PARK CITY, Utah -- The first time you watch skiers hurtle off a curved ramp at 30 mph, soaring six stories in the air while doing three back flips and up to five body twists, you can't help but think: These people are crazy.

Then you begin to notice how the skiers adjust their starting point on the inrun (the ramp going to the jump) to reach the proper takeoff speed, how they practice odd arm movements, like giant Barbie dolls being manipulated by unseen hands.

Freestyle aerialists, as these athletes are known, are not actually throwing caution, along with themselves, to the winds.

Aerials, in which skiers are judged on how stylishly they perform their flips and twists and whether they stick their landings, will be featured in prime time this month at the 2010 Olympic Games in Vancouver, British Columbia.

"The forces are pretty simple," said Adam Johnston, a physics professor at Weber State University in Ogden, Utah. "There's the force of the ramp on his skis, and the force of gravity on him," Johnston said, after Ryan St. Onge, the reigning world champion in men's aerials and a member of the Olympic team, zipped down a steep inrun, leaned back as he entered the curved ramp until he was nearly horizontal and flew off at a 70-degree angle.

It is enough to create torque that sends St. Onge somersaulting backward as he takes to the air, arcing toward a landing on a steep downslope.

"Once he's in the air, the only force on him is gravity," Johnston said. "You could trace his center of mass as a perfect parabola through the whole thing. From the physics point of view, that's one of the beautiful things."

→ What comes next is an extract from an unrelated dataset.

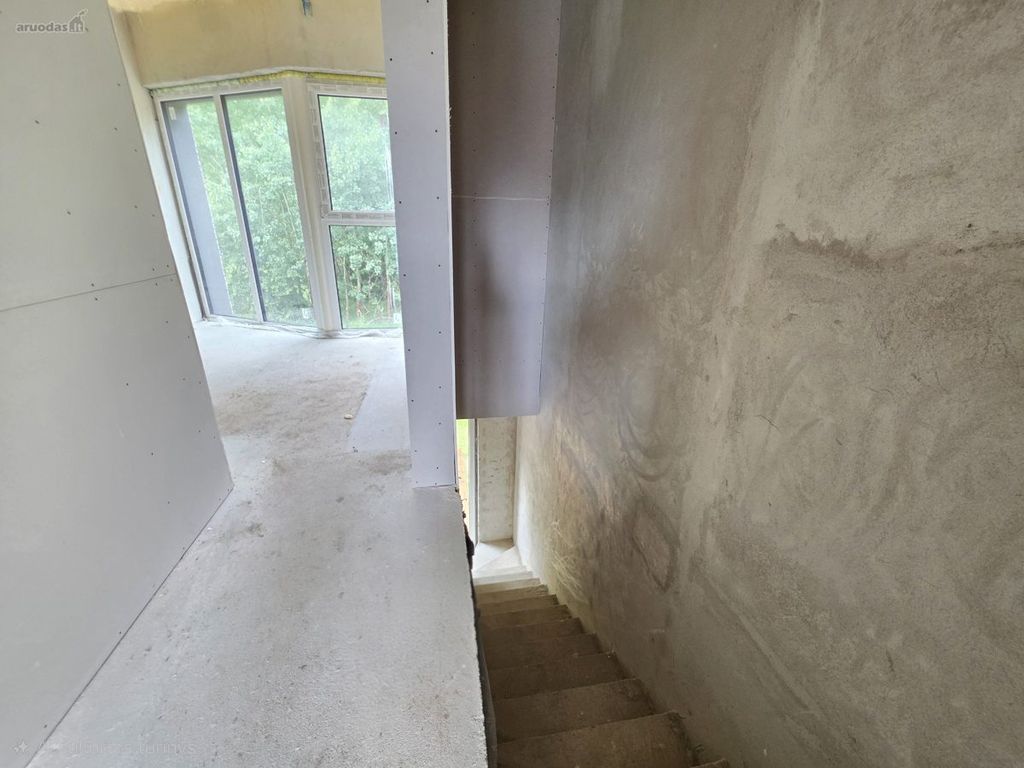 Townhouse for sale — Palanga, Bendrovių g. — photo 11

St. Onge raised his arms entering the ramp, distributing his mass away from his center of rotation, which is near his hips. In physics, he increased his rotational inertia, resulting in more rotational momentum.

The same principle rules sports like figure skating, in which a skater speeds or slows a spin by moving the arms in or out. It is called the conservation of rotational momentum. St. Onge may not be able to recite the related formula - for the record, it is rotational momentum equals rotational inertia times rotational velocity - but he knows what's going on. He will bring his knees up, for instance, on his last flip if he needs to rotate a little more for the landing.